[Given entries — start]

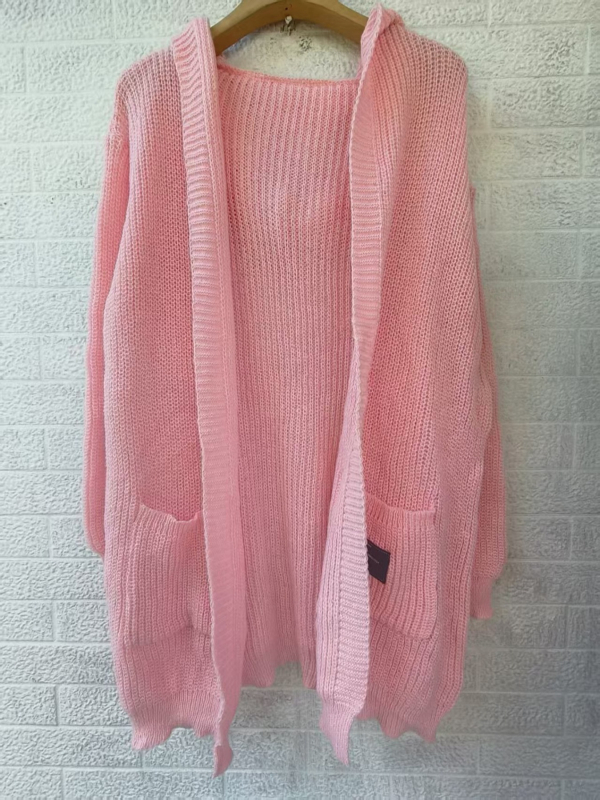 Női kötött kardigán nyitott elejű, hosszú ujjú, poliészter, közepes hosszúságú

[Given entries — finish]
[Given entries — start]

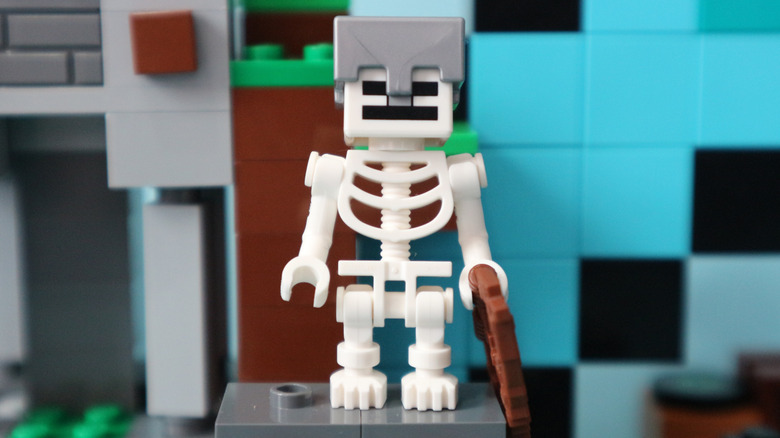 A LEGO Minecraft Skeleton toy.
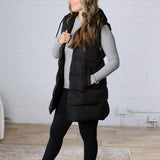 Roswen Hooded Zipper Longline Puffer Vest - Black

[Given entries — finish]
[Given entries — start]

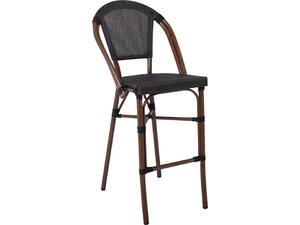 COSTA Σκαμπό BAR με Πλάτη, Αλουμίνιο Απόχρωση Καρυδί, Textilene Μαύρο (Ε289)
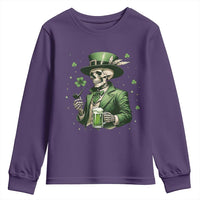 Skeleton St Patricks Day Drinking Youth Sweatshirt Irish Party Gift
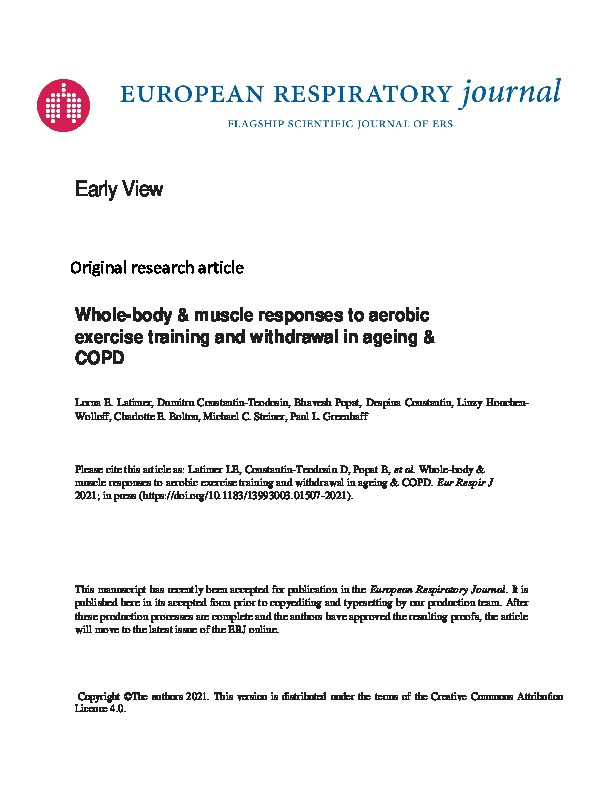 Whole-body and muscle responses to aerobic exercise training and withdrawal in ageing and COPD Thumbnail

[Given entries — finish]

What the task asks:
Go to the line above holding "Skeleton St Patricks", then copy exactly each line down to and including the one holding "Whole-body and muscle", leaving pictures out.

Expected answer:
 Skeleton St Patricks Day Drinking Youth Sweatshirt Irish Party Gift
 Whole-body and muscle responses to aerobic exercise training and withdrawal in ageing and COPD Thumbnail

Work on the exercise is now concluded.